If in Kechiche’s film the editing thus indicates the jagged, the work gains much of its coherence from rhyming scenes, from sequences earlier in the film that are matched by later ones. There is the earlier scene on Adele’s eighteenth birthday matched by the party in Emma’s garden much later on; the scene where she misses the bus and then shortly afterwards catches it, the scene where she goes to the bar and meets up with Emma, and the one later after she goes out into the night and meets at an outdoor dance the work colleague with whom she will have a brief fling. Most astutely there is the sequence early on when a school friend accuses her of being lesbian, and the scene late in the film as Emma calls her a slut after Adele admits that she has slept with the male colleague from work. Where in the scene in the school playground a friend attacks her for lesbian tendencies; Emma accuses her of possessing heterosexual ones. But in both instances the film captures well the sense of a woman under attack. Emma is cruel and vituperative, and it is as though her face semi-segues into that of the churlish friend from earlier.
We might not immediately make these connections, but then in this particular type of rhyming scene there is no need for one to do so. It differs greatly from the sort of rhyming approach adopted by Hollywood and explored by William C. Martell. Here he notices sequences that recur but with key differences. When for example a character returns to a place where he was previously frightened and is now no longer afraid, we are unequivocally aware that we have a rhyming scene. If someone is scared to go into the forest as a young boy and goes back there as a teenager on his own and without fear, everyone will be aware that he is going back to a place previously familiar to us. But it is perfectly possible one won’t be thinking at all of the earlier party sequence during the later one, the night time adventure early in the film and the night time adventure much later on, and especially the friend attacking Adele in the playground, and Emma attacking Adele in the apartment. In the examples Martell gives we have a fully conscious echo; in Blue is the Warmest Colour it is closer to a sub-conscious one. It can make the later scene all the more effective, and give structural balance to a film that may superficially look like it is lacking it, even if such matching sequences can easily be missed. Someone insisting that the film is messy and unstructured might be doing so because they are used to the sort of categorical rhyming scenes Martell talks up. Kechiche here searches out instead what we could call echoing moments rather than rhyming ones: sequences that share similarities with an earlier scene but that needn’t call attention to the similarity but can leave it as subtextually present.

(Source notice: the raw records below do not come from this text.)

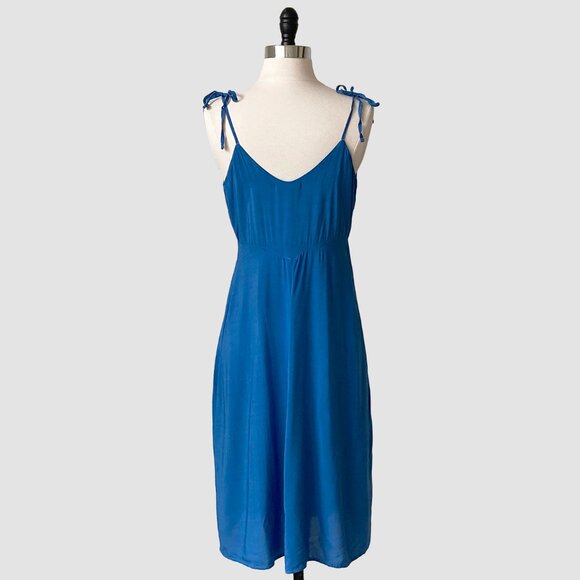 Lighweight Spring Blue Slip Dress - Picture 3 of 3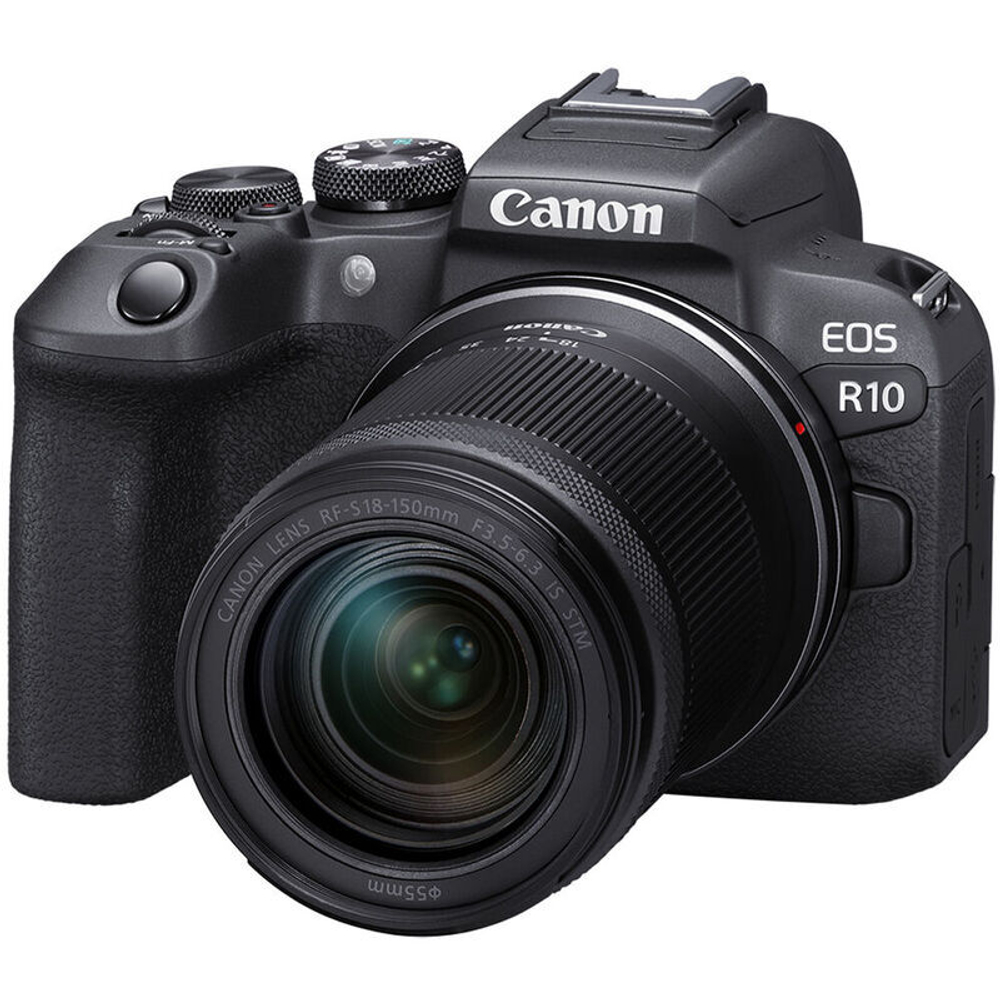 Фотоаппарат системный Canon EOS R10 Kit RF-S 18–150mm F3,5–6,3 IS STM , черный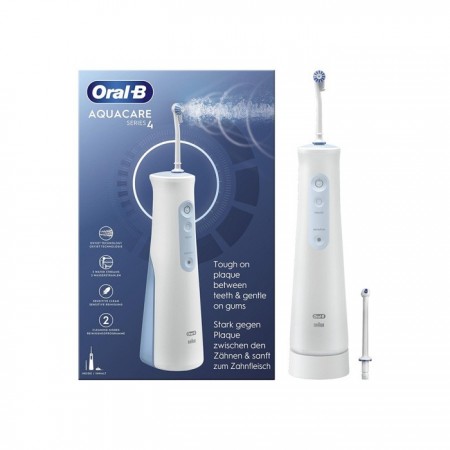 "Oral-B Aquacare Series 4" burnos irigatorius-Irigatoriai ir kiti aksesuarai-Dantų priežiūra-ORAL-B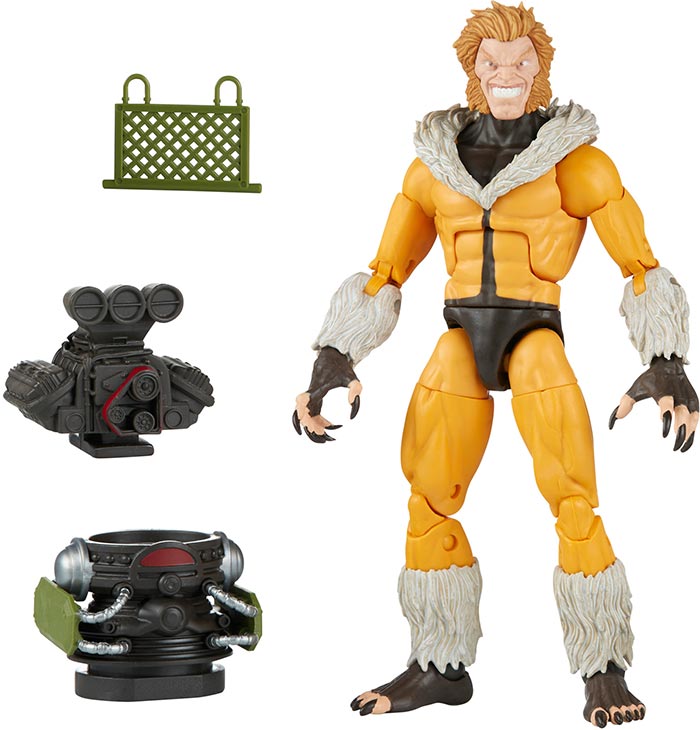 Marvel Legends X-Men 6 Inch Action Figure BAF Bonebreaker - Sabretooth (Shelf Wear Packaging)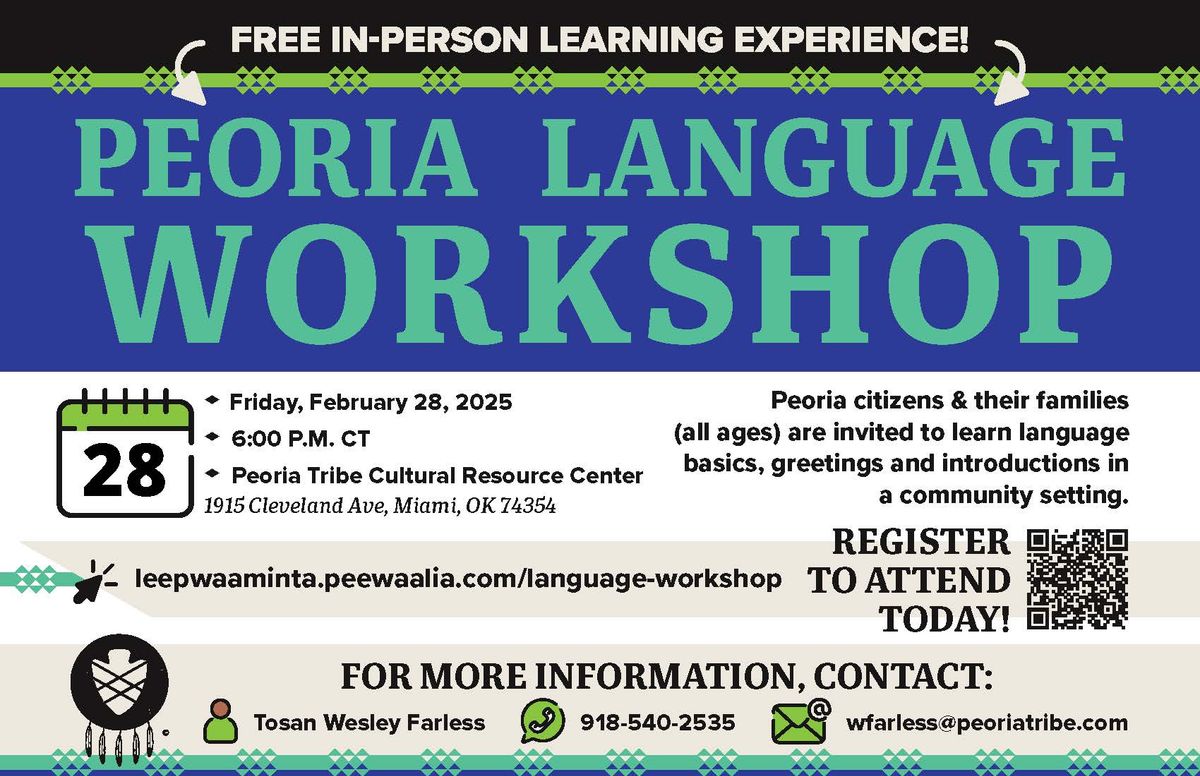 Peoria Language Workshop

Such sequences are consistent with the film’s interest in the implicit over the explicit, and if the film is in the tradition of the great Maurice (The Mouth Agape, Loulou, To Our Loves) Pialat it lies in the play on both of those words. Few directors were more explicitly implicit than Pialat as he would often allow for strong actions but within vague motivations: the father slapping his daughter in To Our Loves, the knifing in Loulou, the killing of the cat in L’enfance nue. The deed is unequivocal but the motives equivocal. If Kechiche’s film seems finally weak next to Pialat’s work it lies in the explicit action and the implicit motivation less brilliantly attenuated. In an example of a rhyming rather than echoing scene there is a moment where Emma comes round for dinner at Adele’s parents place, and then a little later in the film Adele goes round to Emma’s. There is both the conscious rhyme and the all too clear socio-economic delineation. Where Emma eats spaghetti with Adele’s family, Adele eats oysters at Emma’s. Where Adele has to pretend that Emma is a tutor helping her with philosophy, Emma has no problem introducing Adele as her girlfriend to her mother and stepfather. The problem is not that Adele and Emma are from different social backgrounds (Loulou is one of the great French films on class division), it is more that the film falls too easily into representative conventions. They are both meet the parents scenes, set-pieces of social awkwardness moving in different directions but never quite escaping the ease of the image.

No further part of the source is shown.